Elizabeth Bowen CBE (/ˈbən/; 7 June 1899 – 22 February 1973) was an Irish-British novelist and short story writer notable for her books about the "big house" of Irish landed Protestants as well her fiction about life in wartime London.


Elizabeth Bowen (here-was-born plaque)
Elizabeth Bowen was born and spent her first seven winters in this house.

Elizabeth Dorothea Cole Bowen was born on 7 June 1899 at 15 Herbert Place in Dublin, daughter of barrister Henry Charles Cole Bowen (1862–1930), who succeeded his father as head of their Irish gentry family traced back to the late 1500s, of Welsh origin, and Florence Isabella Pomeroy (died 1912), daughter of Henry FitzGeorge Pomeroy Colley, of Mount Temple, Clontarf, Dublin, grandson of the 4th Viscount Harberton.
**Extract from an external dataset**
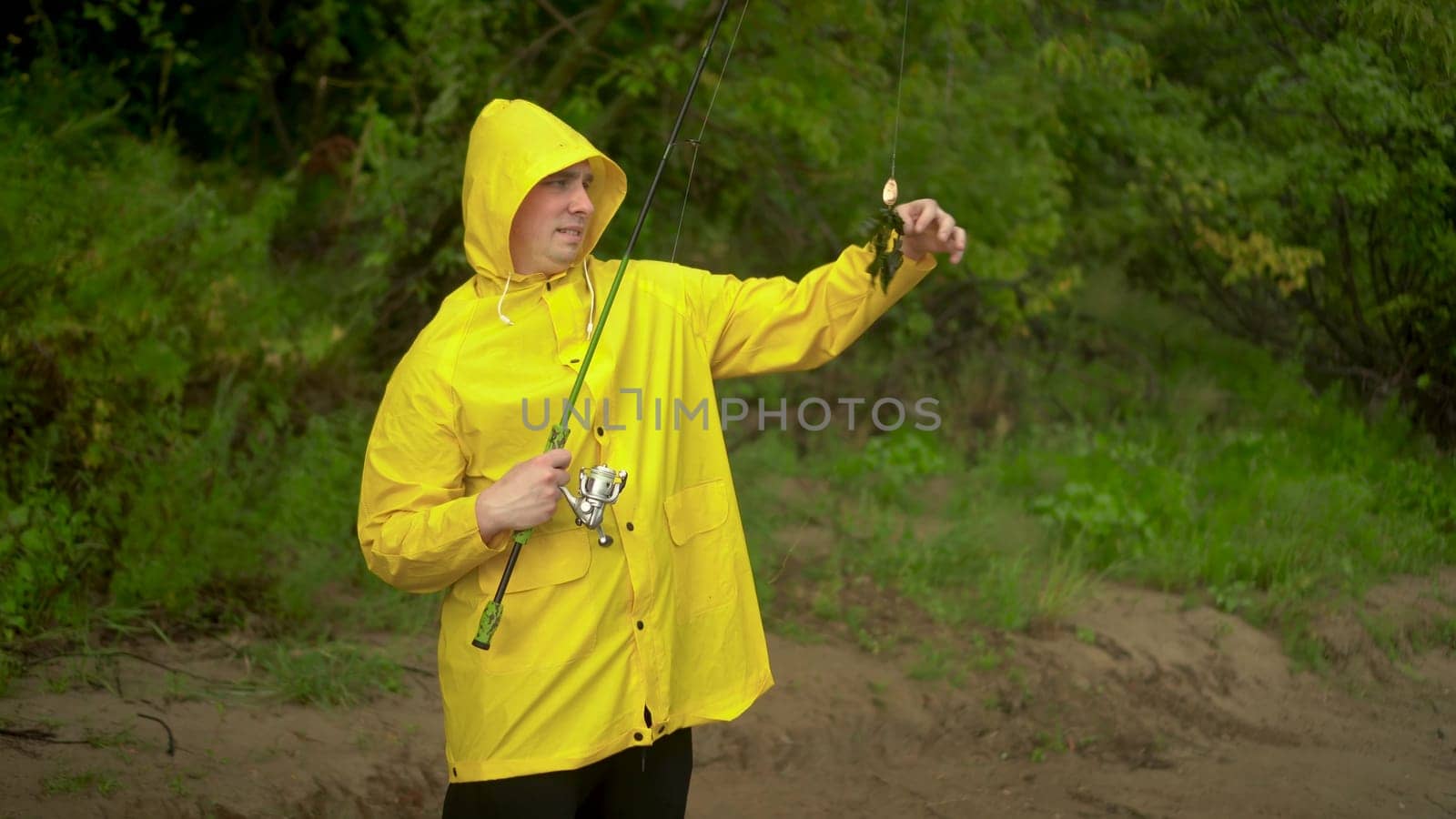 A young man in a yellow cloak with a hood is fishing on the shore. A joyful man caught seaweed on a hook. 4k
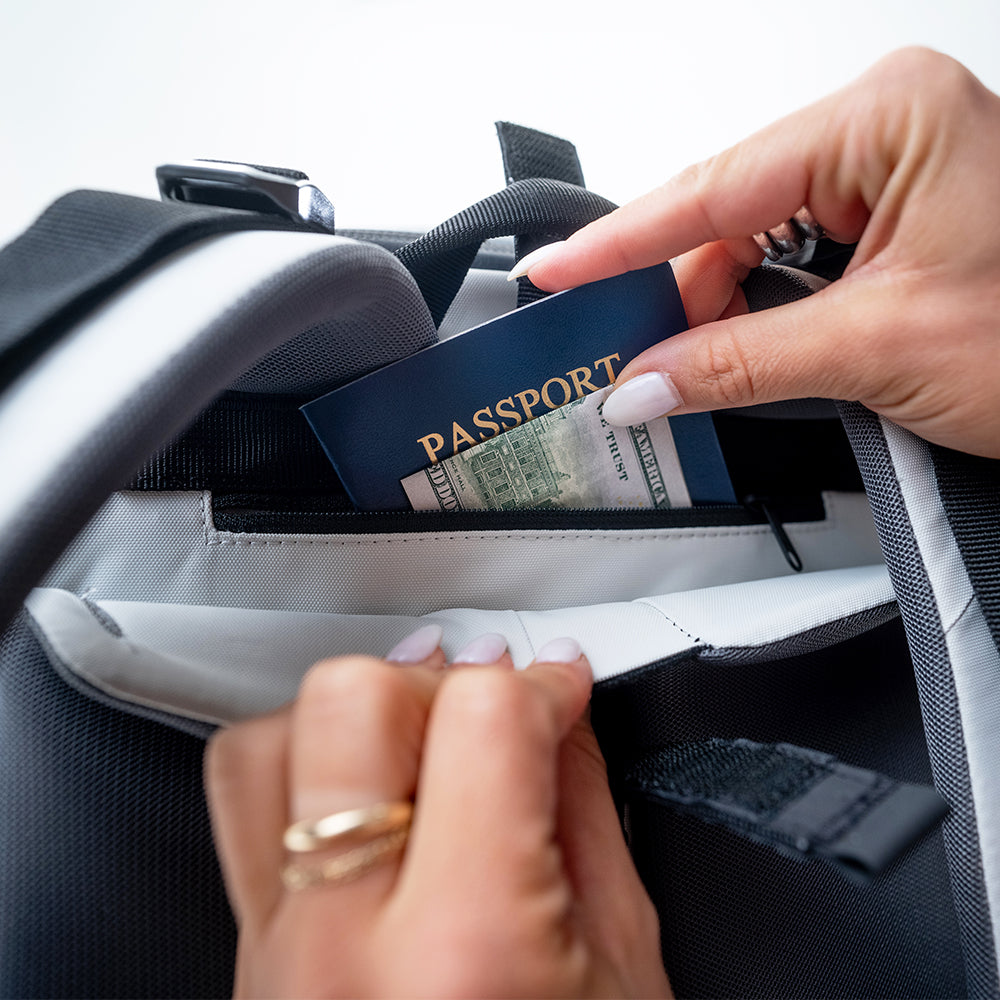 Close up view of woman's hands pulling passport out of hidden back panel pocket of white globerider35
Florence Bowen's mother was granddaughter of the 4th Viscount Powerscourt. Elizabeth Bowen was baptised in the nearby St Stephen's Church on Upper Mount Street. Her parents later brought her to her father's family home, Bowen's Court at Farahy, near Kildorrery, County Cork, where she spent her summers. When her father became mentally ill in 1907, she and her mother moved to England, eventually settling in Hythe. After her mother died in September 1912 Bowen was brought up by her aunts; her father remarried in 1918. She was educated at Downe House School under the headship of Olive Willis. After some time at art school in London she decided that her talent lay in writing. She mixed with the Bloomsbury Group, becoming good friends with Rose Macaulay who helped her seek out a publisher for her first book, a collection of short stories entitled Encounters (1923).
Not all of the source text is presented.